Even before the Constitution appeared in September, 1787, Lee stood poised, pen in hand, ready to attack it. A believer in a national government founded on “proper” principles, he joined others who opposed a national government founded on any principles, and together they attempted to weld a united opposition to ratification. The center of this activity was New York. George Clinton, governor of New York and a devout foe of nationalism, likewise was ready with articles denouncing the Constitution before it existed; and Clinton’s printer, Thomas Greenleaf (publisher of the New York Journal and Weekly Advertiser, and printer to the state), printed and distributed Lee’s five Letters from the Federal Farmer as a pamphlet, as he did the writings of many other anti-Federalists.

Lee’s letters were dated October 8–15, 1787. The popularity of this pamphlet—it sold several thousand copies—as well as the momentum the Federalists were achieving, induced Lee to write a new series of essays. The new series, titled the same as the first, consisted of thirteen letters, dated from December 25, 1787, to January 25, 1788. It was not nearly so successful as the first, and it soon fell into obscurity.

In 1888, during the centennial celebrations of the ratification of the Constitution, Paul Leicester Ford published a book called Pamphlets on the Constitution, in which he republished Lee’s first series of letters. He dismissed the thirteen additional letters as “largely repetitions of the first,” and because Ford’s book has for many years been the only easily available copy of Lee’s work, the second series of letters all but disappeared from memory.

The present editor agrees with Ford’s judgment in the main: letters 8–10, which are concerned largely with representation, letters 11 and 12, concerned with the Senate, letters 13 and 14, concerned with appointive offices, and letter 15, concerned with the judicial branch, are all not only repetitive of Lee’s earlier arguments, but are also extremely verbose and tedious.

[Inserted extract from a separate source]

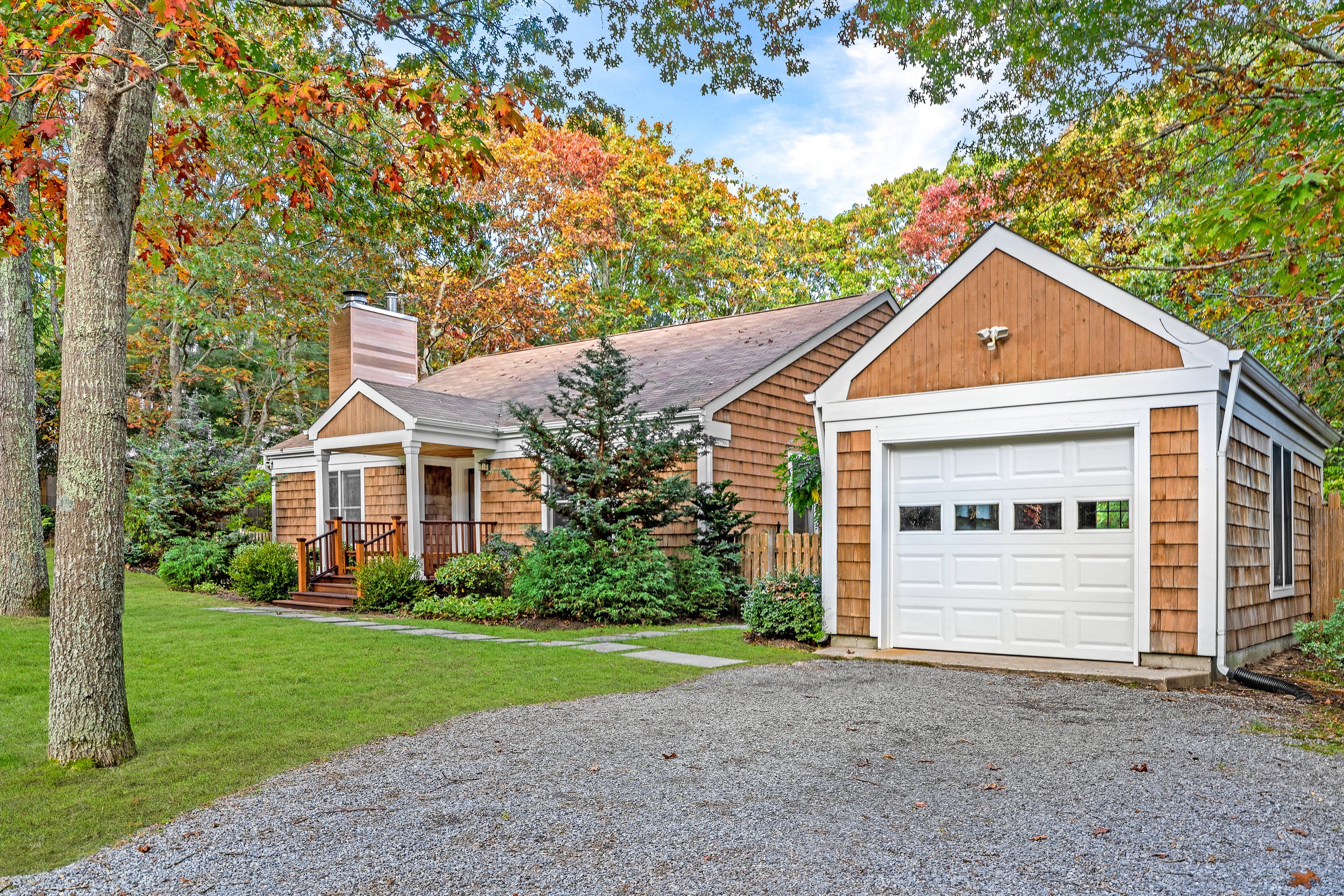 WebRes05_5 Arthur Ave, Bridgehampton_Front Angle.jpeg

Letters 6, 7, 16, and 17, on the other hand, are much more interesting, and they all bear directly on the central question in all these essays, balance in the federal system. For that reason these four of the second series are included in this collection.

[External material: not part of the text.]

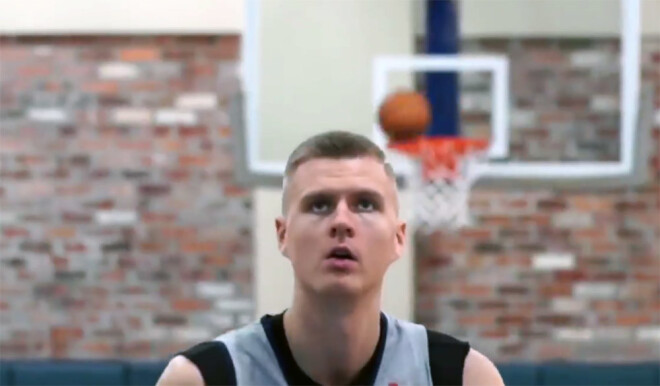 Kristaps Porziņģis piedalījās pirmajā "Mavericks" treniņā.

The texts of both Dickinson’s and Lee’s Letters in the present edition are from first editions in the John Carter Brown Library, Brown University. The Dickinson text has been followed as closely as possible, even to the reproduction of errors. Thus, for example, Dickinson regularly misspelled the name of British statesman George Grenville, rendering it Greenville, and Dickinson’s rendition has been followed here. In a few instances, however, absolute faithfulness to the original would yield absurd or misleading results, and minor modifications have been made. Dickinson’s letters posed additional problems, for he followed the common pre-revolutionary practice of using a variety of typographical effects to achieve emphasis, and it has not always been possible to reproduce this convention with modern type. Inasmuch as no definitive edition of Lee’s Letters exists—the eighteenth-century printings vary widely—the John Carter Brown Library edition has been standardized in terms of spelling, punctuation, and capitalization in order to make the substance more accessible to the modern reader.